Tuesday, May 28, 2024

We Don’t Chose Our Parents

Those of you who use Blogger, have you noticed anything strange with the "Stats?" Normally I get around 4 or 5 hundred hits a day, yesterday number of visits was 17385! But so far in today it is 19775 hits! That is way over a months worth of visits in 12 hours.

What's going on? Has anyone else using Blogger seen a jump in visits?


Sometimes we wonder how the heck they can be the children of those parents. Can you imagine being a child of these parents?
R. Derek Black, the child of Stormfront founder Don Black and a close family friend of David Duke, documents their journey from white nationalism to antiracism.
NBC News
By Matt Lavietes
May 25, 2024


As a child, Black came out to the world as a white nationalist on the syndicated daytime talk program “The Jenny Jones Show” in 1999. Then, while trying to hide their white nationalist credentials as a college student roughly a decade later, Black was outed in a student-run online forum. In 2013, Black came out yet again: In an article published by the Southern Poverty Law Center, Black condemned white supremacy and their famous family’s ideology and came out as an antiracist.

Now, in the memoir “The Klansman’s Son,” the 35-year-old child of former Ku Klux Klan leader Don Black and a close family friend of the notorious former KKK grand wizard David Duke is coming out as transgender.
Wow, can you imagine what it was like being trans and living in the house of White Nationalist?
“You can sort of bury these things, and for a lot of my teenage years, it was often feeling like it wanted to burst through,” Black, who uses they/them and she/her pronouns, told NBC News. “But it was also something that I just didn’t talk about with almost anybody.”

Black learned not to talk about their gender identity, or anything private for that matter, from a young age.

They write in their memoir, released earlier this month, that their father — who founded what is thought to be the internet’s first neo-Nazi website, Stormfront — taught them that the notion of privacy was “absurd.”
That must have been so hard growing up… all you hear are negative messages against you, how you’re damn and going to hell, how you are nothing more than a piece of s**t.
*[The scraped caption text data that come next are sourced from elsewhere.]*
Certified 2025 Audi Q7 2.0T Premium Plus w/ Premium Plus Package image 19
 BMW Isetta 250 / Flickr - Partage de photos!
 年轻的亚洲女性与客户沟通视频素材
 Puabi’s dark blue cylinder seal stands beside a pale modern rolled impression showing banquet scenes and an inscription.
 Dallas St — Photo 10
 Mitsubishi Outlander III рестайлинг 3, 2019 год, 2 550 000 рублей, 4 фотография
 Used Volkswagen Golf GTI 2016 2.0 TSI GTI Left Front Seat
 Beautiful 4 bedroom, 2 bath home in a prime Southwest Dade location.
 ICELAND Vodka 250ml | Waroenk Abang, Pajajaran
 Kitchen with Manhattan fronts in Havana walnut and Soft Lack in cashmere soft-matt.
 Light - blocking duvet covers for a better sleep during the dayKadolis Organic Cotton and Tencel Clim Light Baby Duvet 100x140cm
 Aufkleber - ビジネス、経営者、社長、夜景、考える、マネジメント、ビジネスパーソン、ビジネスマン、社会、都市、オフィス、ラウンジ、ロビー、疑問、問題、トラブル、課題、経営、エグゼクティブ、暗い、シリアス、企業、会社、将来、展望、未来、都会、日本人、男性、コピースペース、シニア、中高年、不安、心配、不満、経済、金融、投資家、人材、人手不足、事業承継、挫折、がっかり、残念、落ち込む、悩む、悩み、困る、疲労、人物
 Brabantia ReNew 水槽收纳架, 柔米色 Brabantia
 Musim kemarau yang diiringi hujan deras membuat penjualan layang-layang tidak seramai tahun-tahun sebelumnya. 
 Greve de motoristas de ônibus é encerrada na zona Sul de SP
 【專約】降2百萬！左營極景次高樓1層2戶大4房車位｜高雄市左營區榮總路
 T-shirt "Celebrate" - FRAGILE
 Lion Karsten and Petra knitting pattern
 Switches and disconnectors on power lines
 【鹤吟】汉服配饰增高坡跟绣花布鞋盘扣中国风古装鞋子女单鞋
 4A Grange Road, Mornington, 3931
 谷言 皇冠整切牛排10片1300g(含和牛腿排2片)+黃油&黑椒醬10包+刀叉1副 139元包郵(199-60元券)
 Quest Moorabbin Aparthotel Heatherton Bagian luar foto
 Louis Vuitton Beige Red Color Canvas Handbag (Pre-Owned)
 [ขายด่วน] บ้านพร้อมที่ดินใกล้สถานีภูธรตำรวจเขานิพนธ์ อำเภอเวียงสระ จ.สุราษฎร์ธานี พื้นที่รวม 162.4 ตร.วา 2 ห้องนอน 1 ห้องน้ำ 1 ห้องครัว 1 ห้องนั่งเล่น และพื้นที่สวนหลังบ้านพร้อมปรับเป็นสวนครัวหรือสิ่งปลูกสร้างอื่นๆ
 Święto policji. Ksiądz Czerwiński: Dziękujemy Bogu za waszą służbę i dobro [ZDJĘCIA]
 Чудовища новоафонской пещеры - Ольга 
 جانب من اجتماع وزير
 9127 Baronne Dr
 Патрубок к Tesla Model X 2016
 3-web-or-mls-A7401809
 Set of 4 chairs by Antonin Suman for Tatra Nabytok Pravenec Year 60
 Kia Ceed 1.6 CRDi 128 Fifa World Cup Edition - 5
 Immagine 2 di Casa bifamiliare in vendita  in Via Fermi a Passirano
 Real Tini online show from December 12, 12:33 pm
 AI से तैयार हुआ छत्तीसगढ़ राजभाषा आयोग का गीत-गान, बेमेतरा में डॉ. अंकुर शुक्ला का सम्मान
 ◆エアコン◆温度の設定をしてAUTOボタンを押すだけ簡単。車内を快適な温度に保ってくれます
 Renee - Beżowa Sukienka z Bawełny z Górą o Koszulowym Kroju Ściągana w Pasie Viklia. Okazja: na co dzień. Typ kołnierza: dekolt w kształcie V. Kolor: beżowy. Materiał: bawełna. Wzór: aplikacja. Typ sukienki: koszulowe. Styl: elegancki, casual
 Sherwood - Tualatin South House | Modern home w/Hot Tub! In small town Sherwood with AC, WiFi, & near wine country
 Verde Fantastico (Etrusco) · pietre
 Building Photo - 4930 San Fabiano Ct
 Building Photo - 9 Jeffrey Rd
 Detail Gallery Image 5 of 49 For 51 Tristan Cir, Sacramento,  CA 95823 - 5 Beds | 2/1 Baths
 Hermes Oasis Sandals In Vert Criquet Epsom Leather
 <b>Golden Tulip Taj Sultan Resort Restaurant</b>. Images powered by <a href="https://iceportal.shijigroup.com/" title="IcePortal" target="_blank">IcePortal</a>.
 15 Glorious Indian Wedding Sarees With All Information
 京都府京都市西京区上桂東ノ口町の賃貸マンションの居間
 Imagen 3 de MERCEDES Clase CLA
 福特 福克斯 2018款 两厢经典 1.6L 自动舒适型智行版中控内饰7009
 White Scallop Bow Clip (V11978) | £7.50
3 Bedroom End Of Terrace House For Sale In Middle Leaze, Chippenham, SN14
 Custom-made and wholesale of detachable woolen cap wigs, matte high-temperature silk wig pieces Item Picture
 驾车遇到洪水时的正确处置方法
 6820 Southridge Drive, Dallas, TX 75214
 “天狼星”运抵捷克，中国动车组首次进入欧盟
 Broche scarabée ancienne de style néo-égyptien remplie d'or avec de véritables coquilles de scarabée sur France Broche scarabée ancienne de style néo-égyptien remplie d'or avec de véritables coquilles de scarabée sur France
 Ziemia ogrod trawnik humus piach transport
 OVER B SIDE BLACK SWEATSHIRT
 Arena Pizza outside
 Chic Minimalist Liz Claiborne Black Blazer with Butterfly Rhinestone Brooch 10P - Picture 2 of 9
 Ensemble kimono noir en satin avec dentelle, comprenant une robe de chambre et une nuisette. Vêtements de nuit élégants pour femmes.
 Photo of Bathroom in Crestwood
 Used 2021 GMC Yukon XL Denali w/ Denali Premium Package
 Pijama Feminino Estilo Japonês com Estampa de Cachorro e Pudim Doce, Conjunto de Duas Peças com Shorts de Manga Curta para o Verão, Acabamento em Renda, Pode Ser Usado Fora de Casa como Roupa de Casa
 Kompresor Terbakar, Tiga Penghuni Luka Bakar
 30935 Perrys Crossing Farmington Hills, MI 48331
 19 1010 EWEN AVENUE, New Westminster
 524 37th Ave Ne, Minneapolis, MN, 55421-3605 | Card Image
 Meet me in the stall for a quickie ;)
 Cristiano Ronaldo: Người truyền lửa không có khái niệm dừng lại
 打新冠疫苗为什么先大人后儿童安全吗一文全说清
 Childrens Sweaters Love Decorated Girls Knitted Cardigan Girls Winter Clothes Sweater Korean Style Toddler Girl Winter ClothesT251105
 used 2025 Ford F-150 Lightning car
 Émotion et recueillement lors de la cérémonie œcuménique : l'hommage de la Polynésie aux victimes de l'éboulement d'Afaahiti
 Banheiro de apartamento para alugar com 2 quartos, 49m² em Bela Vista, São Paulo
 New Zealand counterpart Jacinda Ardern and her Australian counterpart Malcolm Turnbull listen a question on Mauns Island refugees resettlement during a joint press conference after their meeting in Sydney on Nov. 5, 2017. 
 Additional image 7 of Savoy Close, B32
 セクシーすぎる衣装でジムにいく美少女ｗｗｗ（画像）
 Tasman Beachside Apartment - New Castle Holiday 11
That realing must have hurt deeply.
As a college student, they continued to host their morning neo-Nazi radio show, “The Derek Black Show,” in secrecy from their peers. Simultaneously, Black formed close friendships with the same groups of people they regularly targeted on the radio: Jewish people and people of color.

“It just became intolerable,” they said. “I couldn’t manage this sort of split that was going on, and I couldn’t even imagine coming back to campus and having to keep doing it, wondering when the shoe is going to drop, when people were going to find out about me.”
Do you remember Anita Bryant and her Save Our Children Campaign?
Sarah Green, who is engaged to marry another woman, spoke about her famously homophobic grandmother on a recent podcast.
The Advocate
By Trudy Ring
July 27, 2021
 


It's most likely Anita Bryant's worst nightmare: Her granddaughter is gay and marrying a woman.

Granddaughter Sarah Green talked about her relationship with the notorious antigay crusader on a recent episode of Slate's podcast One Year, hosted by Josh Levin and focusing on 1977, a year when the nation seemed on the verge of great change.

Bryant, a beauty queen and pop singer, was a spokeswoman for Florida orange growers in the 1970s when she gained new fame with her opposition to gay rights. Miami-Dade County's government adopted an ordinance in 1977 banning employment and housing discrimination based on sexual orientation, making it one of the first municipalities to do so. Bryant, who had testified against the ordinance, was outraged at its passage and led a campaign dubbed "Save Our Children" to persuade voters to repeal it.

Along the way, Bryant became a darling of her fellow conservative Christians and an enemy of gay people and their allies; at one point, an activist threw a pie in her face. Miami-Dade citizens did repeal the ordinance, with over 70 percent voting to do so. The city-county government restored the ordinance in 1998 and added gender identity to it in 2014.
I kind of feel sorry for their parents, all that animosity can back to them like a pie in the face.